Romeyn de Hooghe (bapt. 10 September 1645 – 10 June 1708) was an important and prolific late Dutch Baroque, painter, sculptor, engraver and caricaturist.
De Hooghe was born in Amsterdam. He was skilled as an etcher, draughtsman, painter, sculptor and medalist. He is best known for political caricatures of Louis XIV and propagandistic prints supporting William of Orange. During his career, de Hooghe produced over 3500 prints. He also illustrated books, and his illustrations can be found in some of the most important texts of his period. The Hieroglyphica of Merkbeelden der oude volkeren (1735) was a well known emblem book and sourcebook for classical mythology and its iconography.
According to Houbraken he was particularly good at inventive arrangements of subjects in engravings.
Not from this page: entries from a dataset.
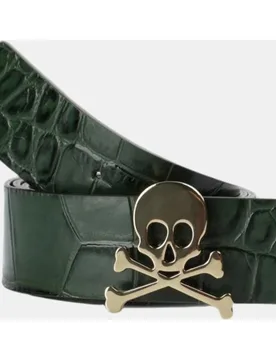 Cinturón reversible piel calavera metalizada - Scalpers - FashionsVida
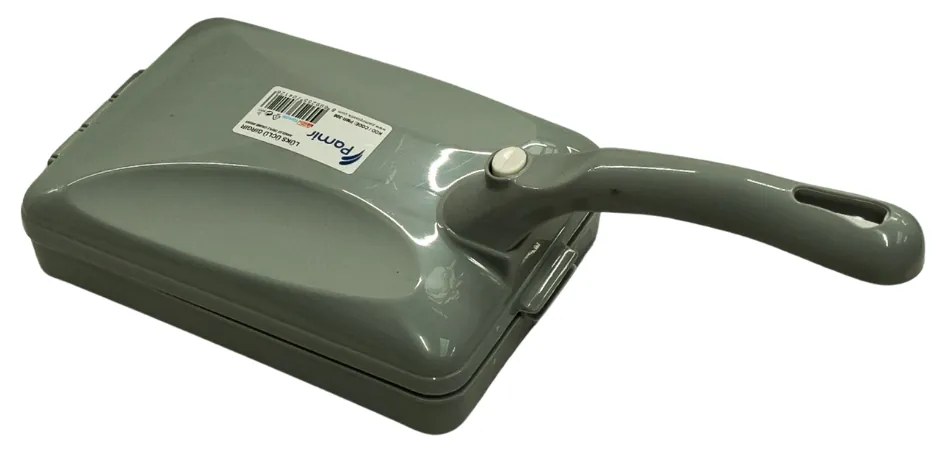 Perie pentru covoare cu două role gri deschis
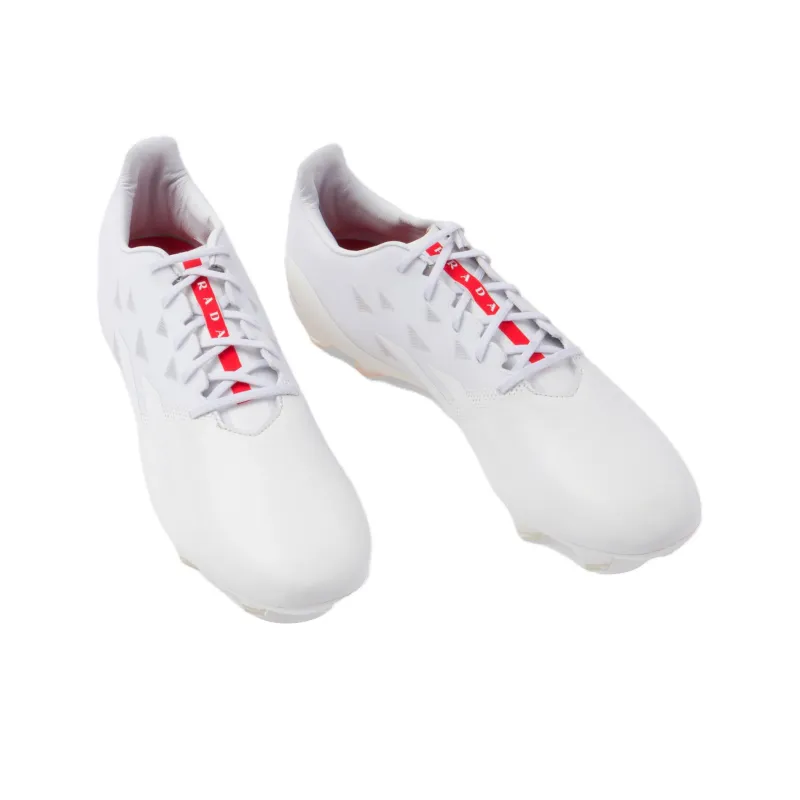 Adidas X PRADA Soccer Shoes Men Low Top White Red-4
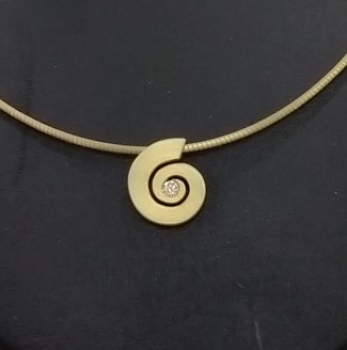 Schnecke mit Spirale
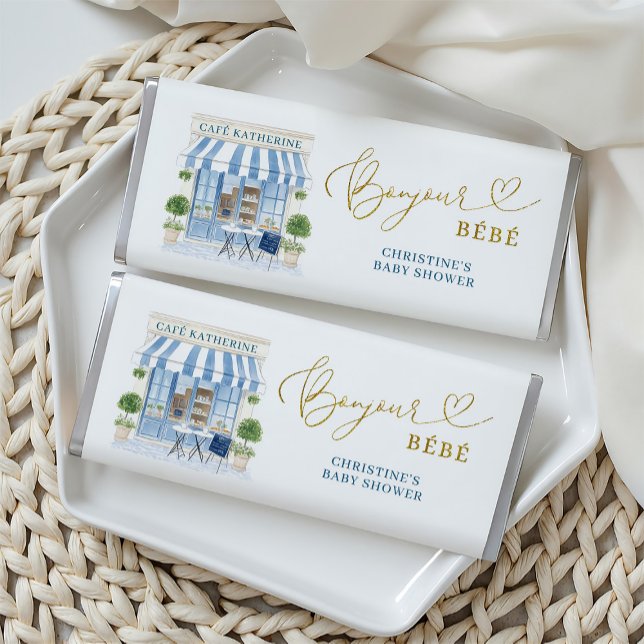 Coquette Parisian cafe French Blue Hershey Bar (Creator Uploaded)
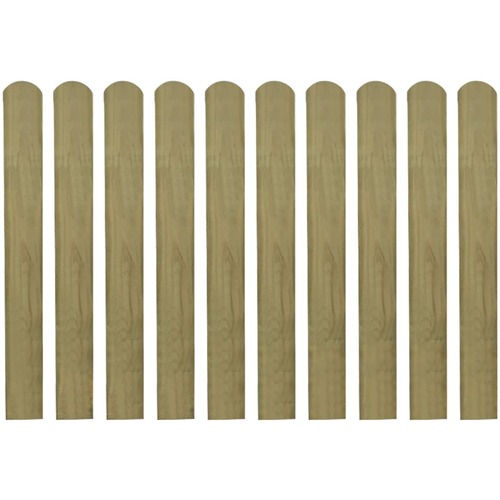 20 pcs Impregnated Fence Slats Wood 80 cm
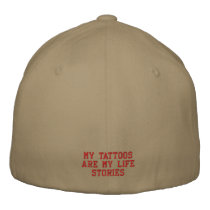My Tattoos Are My Life Stories-Hat-Embroidered embroidered hats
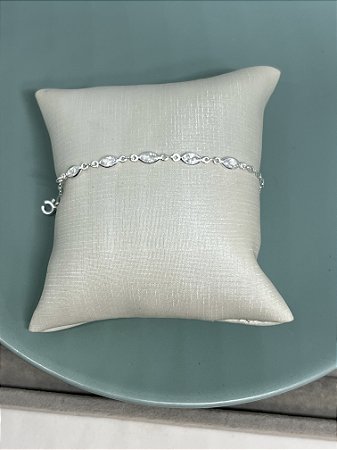 Pulseira Zirconia oval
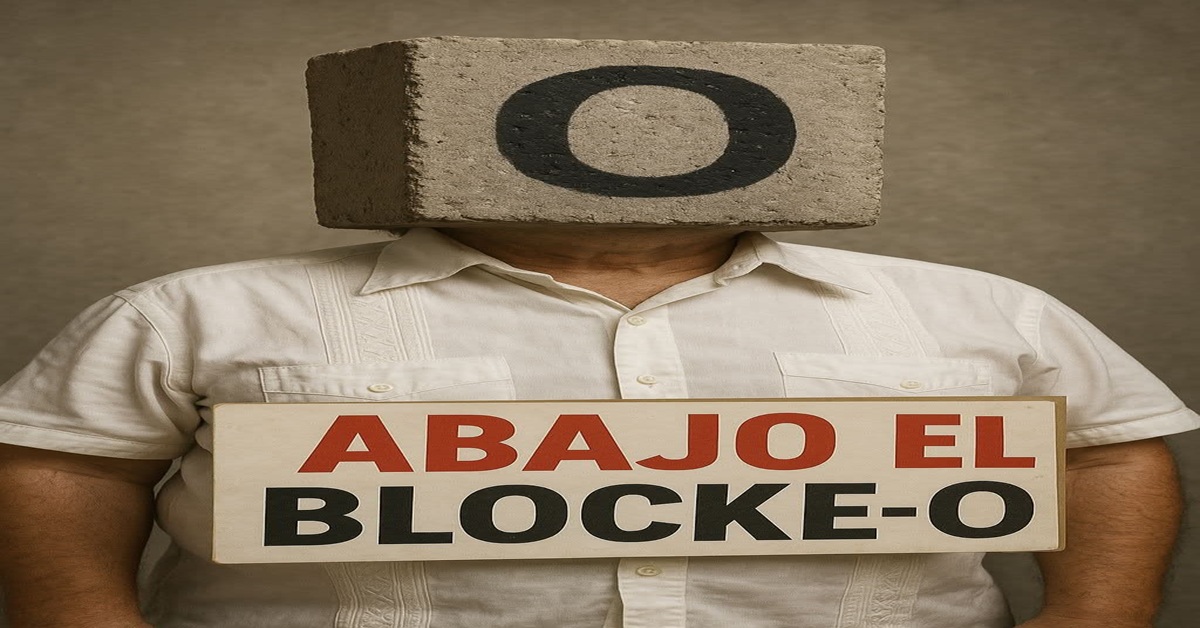 En la foto, una imagen alusiva al verdadero bloqueo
He was also a gifted painter and painted large panels for the rooms of the mayor's office in Enkhuizen and a room in the estate of Mattthijs van den Broeck in Dubbeldam. Houbraken disapproved of his dissolute lifestyle however, and felt that despite an enormous talent, as he grew older, he engraved shameful subjects that were a disgrace to the profession.
Contrary to this, the historian Simon Schama wrote in the aftermath of the Charlie Hebdo killings of 2015 that: "The first great modern graphic satirist was Romeyn de Hooghe, enlisted by William III at the end of the 17th century in his relentless war to the death with Louis XIV. De Hooghe obliged with sprawling cartoons representing the wars against the French monarch and his allies as a battle between liberty and religious despotism".